Under the legislation, Kentucky would end the practice of assignment of benefits for auto glass claims and, therefore, curtail the litigation that results from that practice. The bill also seeks to end the widespread solicitation of auto glass claims by prohibiting shops from offering rebates, gift cards, cash, or “any other thing of value” for those claims.

However, unlike the 2023 Florida law, Kentucky would strictly continue as a zero deductible state for auto glass repair and replacement.

The Kentucky Senate Banking and Insurance Committee passed a substitute version of the bill initially introduced on February 13 after a very brief legislative hearing at which Senator Storm testified flanked by Kentucky Farm Bureau Insurance officials. The substitute version, which the full Senate subsequently passed, included several clarifying provisions and added a reference to the most recent version of the SAE International’s SAE J3016 Levels of Driving Automation into the “Advanced Driver Assistance System” definition.
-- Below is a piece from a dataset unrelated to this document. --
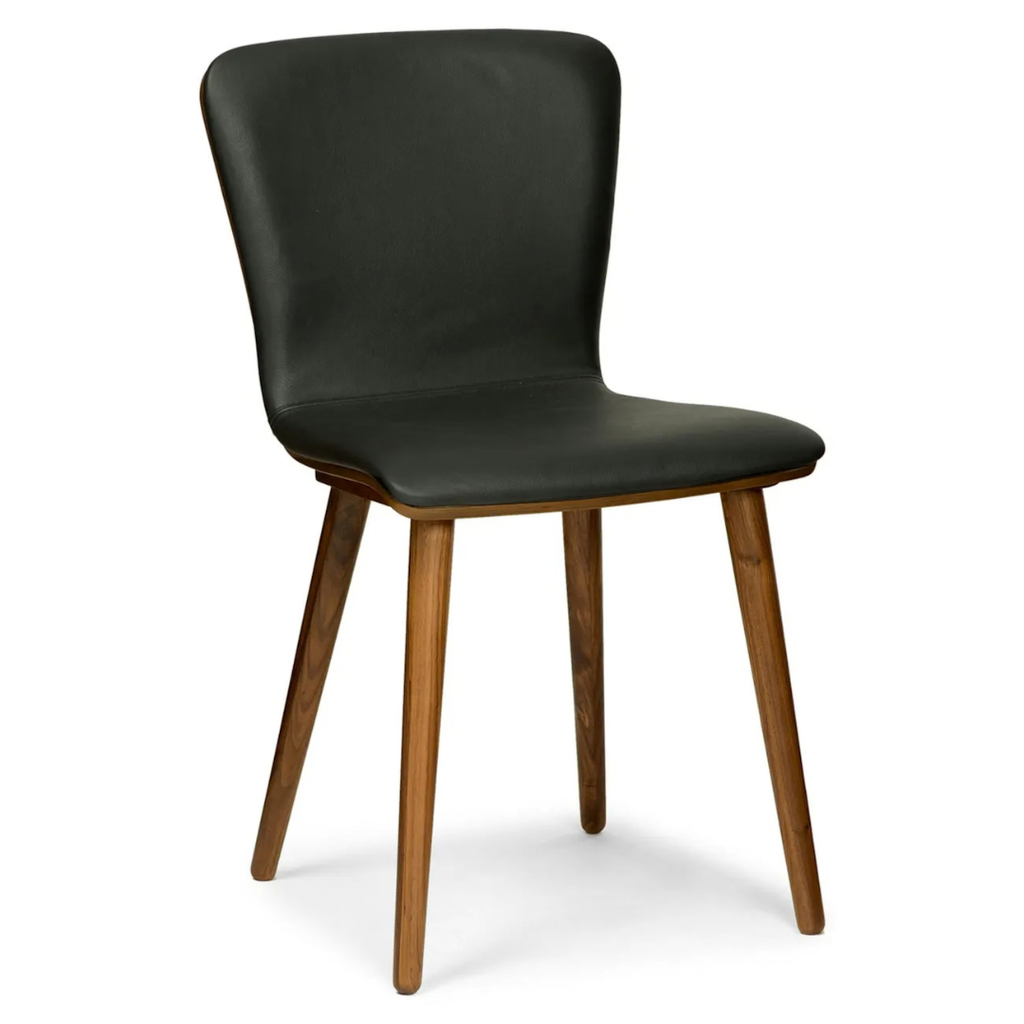 Curved Back Leather Dining Chair – Walnut & Black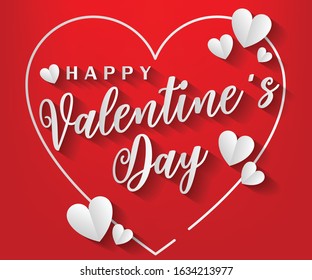 Design element for Happy Valentine's Day. Ready for your design, greeting card, banner. Vector illustration.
On February 21, the House Banking and Insurance Committee passed a substitute version of the bill that passed the Senate amending some insurance-related provisions—that version is up for consideration on the House floor.

The bill explicitly also allows an insured to use a glass services company of their choice but also expressly will enable insurers to maintain a network of glass services shops.

The bill includes “calibrating or recalibrating an advanced driver assistance system when an incident requires the replacement of damaged motor vehicle glass” in the definition of repair or replacement of damaged motor vehicle glass.

To contract for services with a customer, a glass shop will have to obtain the customer’s insurance claim number or waiver of an insurance claim, notify the customer whether the vehicle has ADAS, and whether the ADAS will be recalibrated in a manner that makes the ADAS operable.

The shops must also provide an invoice with an estimate of fees, the shop’s standard rates for glass work, and a statement that the shop is prohibited under Kentucky law from charging more than is “reasonable and customarily charged in Kentucky.”

The bill also prohibits glass shops from committing a variety of fraudulent practices or making false statements to the customer or the insurance company about such items as the geographic location and date of the repair/replacement work or that the work will be fully covered by insurance if that is not the case.